Woman Up Editor
"
Math class is tough," a talking
Barbie doll once reminded little girls.
Ria's post on the University of California-Davis study concluding "both women and men become hesitant when giving instructions to the opposite sex about
topics that are stereotypically not associated with their gender" -- such as "changing a tire and buying make-up" -- reminded me exactly how subject matter becomes gender specific.
Examples of the sort of disempowering, self-deprecating, social cues baby women and their grown-up sisters have been giving men, and one another, started long before any
real life Joan Holloway told an actual Peggy Olson how to wrangle a free lunch from the Sterling Cooper ad men, or instructed her to mother her boss, dress for men, or parlay her job into marriage.
In my childhood, during the Pleistocene Era, little boys were given trucks and cap pistols and little girls got baby dolls and
Easy-Bake Ovens. When I was 10, Barbie was invented.
Girls all over the world were enchanted by the
ridiculously out-of-proportion Mattel icon. Ria linked to a Wikipedia synopsis of a classic 1994 Simpsons spoof, "

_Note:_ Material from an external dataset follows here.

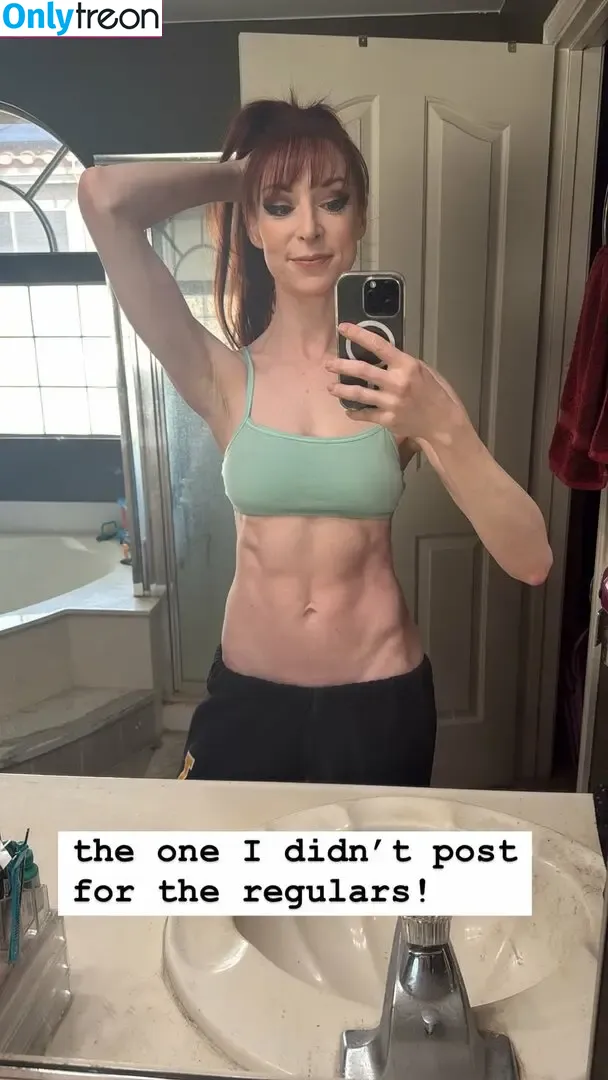 Lisa Foiles голая photo #0272 (lisafoiles)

Lisa vs. Malibu Stacy," in which Kathleen Turner voices the designer and model for Lisa's talking "Malibu Stacy" doll, which, to Lisa's distress, only has versions of "I'm a pretty little nitwit" on its pre-recorded loop. In the parody, though, when Lisa talks Stacy/Kathleen Turner into designing a more realistic role model, the new doll fails in the marketplace after the original nitwit doll comes out with a new accessory.
Though many toys and other children's products still cater to gender stereotypes (after the Simpsons episode, Barbie's impossibly tiny waist
was widened a bit), parents can now find plenty of
toys that do not.
As an aside, I once ate a late breakfast in Palm Springs with my mother's cousin-in-law, Barbara, for whom her own mother,
Ruth Handler, had decades earlier named her
revolutionary invention. My brunch companion was very charming, still apparently a natural blonde, and to my relief, quite normally proportioned.